Hanmi Financial Increases Cash Dividend 4% to $0.28 per share and Expands Repurchase Authorization
Rhea-AI Summary
Hanmi Financial (NASDAQ: HAFC) declared a cash dividend of $0.28 per share for Q1 2026, a 4% increase from the prior quarter, payable Feb 25, 2026 to holders of record as of Feb 9, 2026.
The Board also expanded its share repurchase authorization by 1.5 million shares, bringing remaining capacity to approximately 2.3 million shares (about 7.8% of shares outstanding as of Dec 31, 2025).
Positive
- Dividend increased by 4% to $0.28 per share for Q1 2026
- Expanded repurchase authorization by 1.5 million shares, total ~2.3 million
- Repurchase capacity represents 7.8% of shares outstanding as of December 31, 2025
Negative
- Repurchases may be suspended or terminated at any time due to market or liquidity conditions
- There is no assurance on the timing or amount of any share repurchases
News Market Reaction
On the day this news was published, HAFC gained 7.27%, reflecting a notable positive market reaction. Argus tracked a peak move of +3.0% during that session. Our momentum scanner triggered 17 alerts that day, indicating notable trading interest and price volatility. This price movement added approximately $54M to the company's valuation, bringing the market cap to $797M at that time.
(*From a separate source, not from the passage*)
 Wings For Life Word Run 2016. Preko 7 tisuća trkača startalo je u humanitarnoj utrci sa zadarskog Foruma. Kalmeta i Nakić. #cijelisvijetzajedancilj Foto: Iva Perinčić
Data tracked by StockTitan Argus on the day of publication.
Key Figures
Market Reality Check
Peers on Argus
HAFC fell 12.97% while key regional bank peers showed only modest declines (e.g., FSBC -1.06%, GSBC -1.70%, MCBS -1.84%). The magnitude of HAFC’s move appears more stock-specific than sector-driven.
Previous Buybacks,dividends Reports
| Date | Event | Sentiment | Move | Catalyst |
|---|---|---|---|---|
| Apr 25 | Buyback & dividend | Positive | +3.2% | Announced $0.25 dividend and new share repurchase authorization, stock rose 3.24%. |
Prior buyback/dividend news coincided with a positive price reaction, contrasting with the current sharp pre-announcement decline.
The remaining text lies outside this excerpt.